• _Data provided_:
· · · · ·

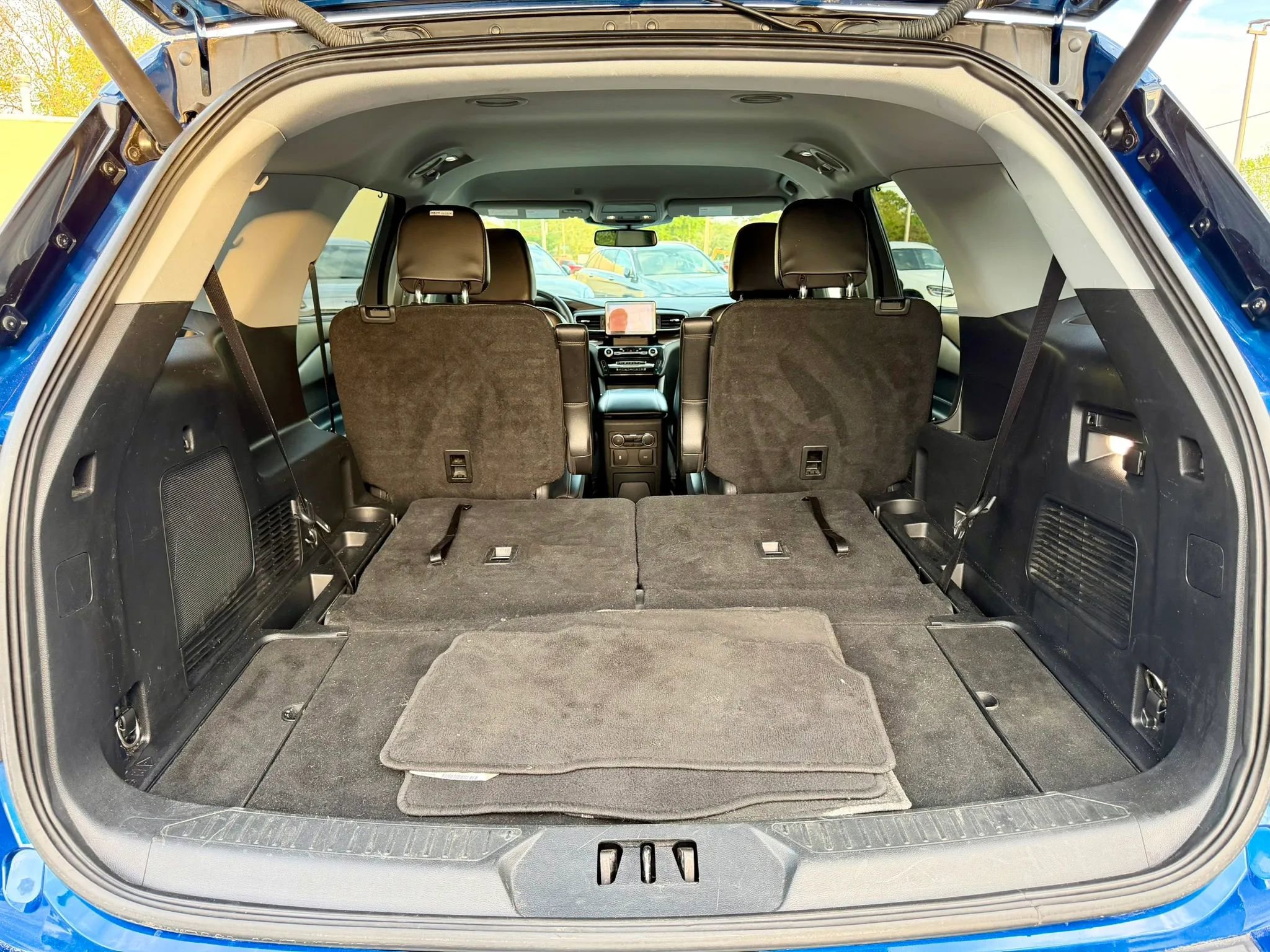 Used 2022 Ford Explorer Limited RWD image 11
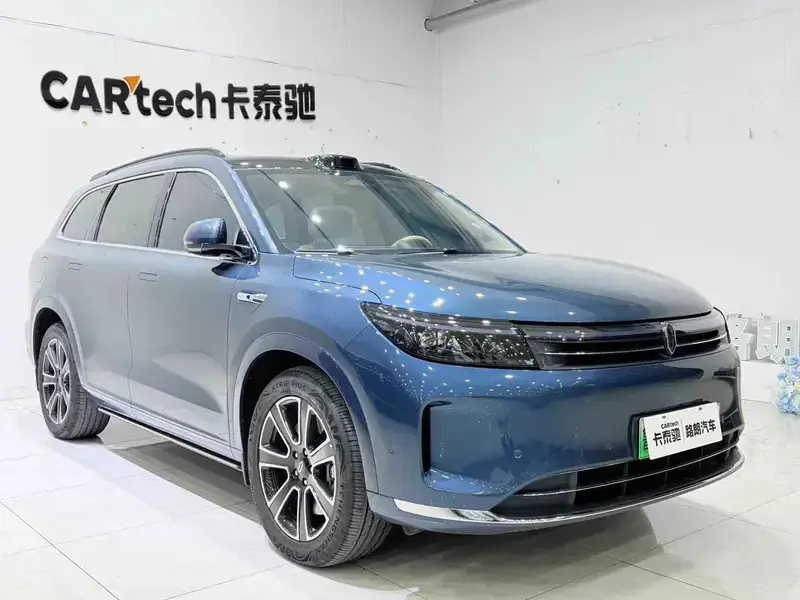 2024 Aito AITO M7 с пробегом 57 000 км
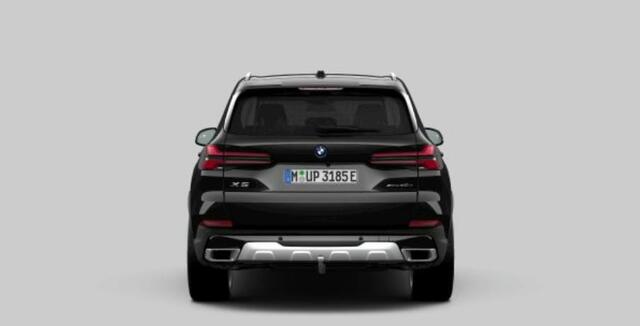 BMW X5 xDrive50e Trekhaak - Panoramadak - Parking/Driving Assistant - Active Protection - Soft Close - Ambiance verlichting - Comfort Access - Getinte/Geluiddempende Ruiten - Warmte Comfort Pack - Comfortstoelen -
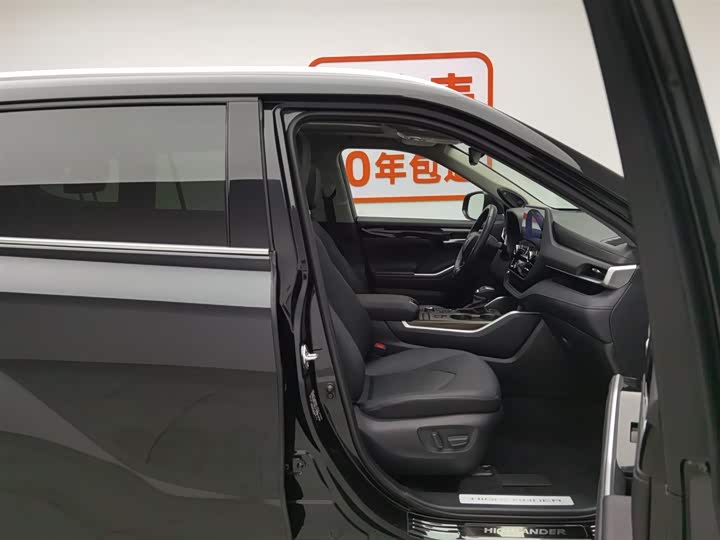 Фото 23 - Toyota Highlander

· · · · ·

Every line above gets copied exactly; none of the pictures do.

• _Solution to the problem_:
 Used 2022 Ford Explorer Limited RWD image 11
 2024 Aito AITO M7 с пробегом 57 000 км
 BMW X5 xDrive50e Trekhaak - Panoramadak - Parking/Driving Assistant - Active Protection - Soft Close - Ambiance verlichting - Comfort Access - Getinte/Geluiddempende Ruiten - Warmte Comfort Pack - Comfortstoelen -
 Фото 23 - Toyota Highlander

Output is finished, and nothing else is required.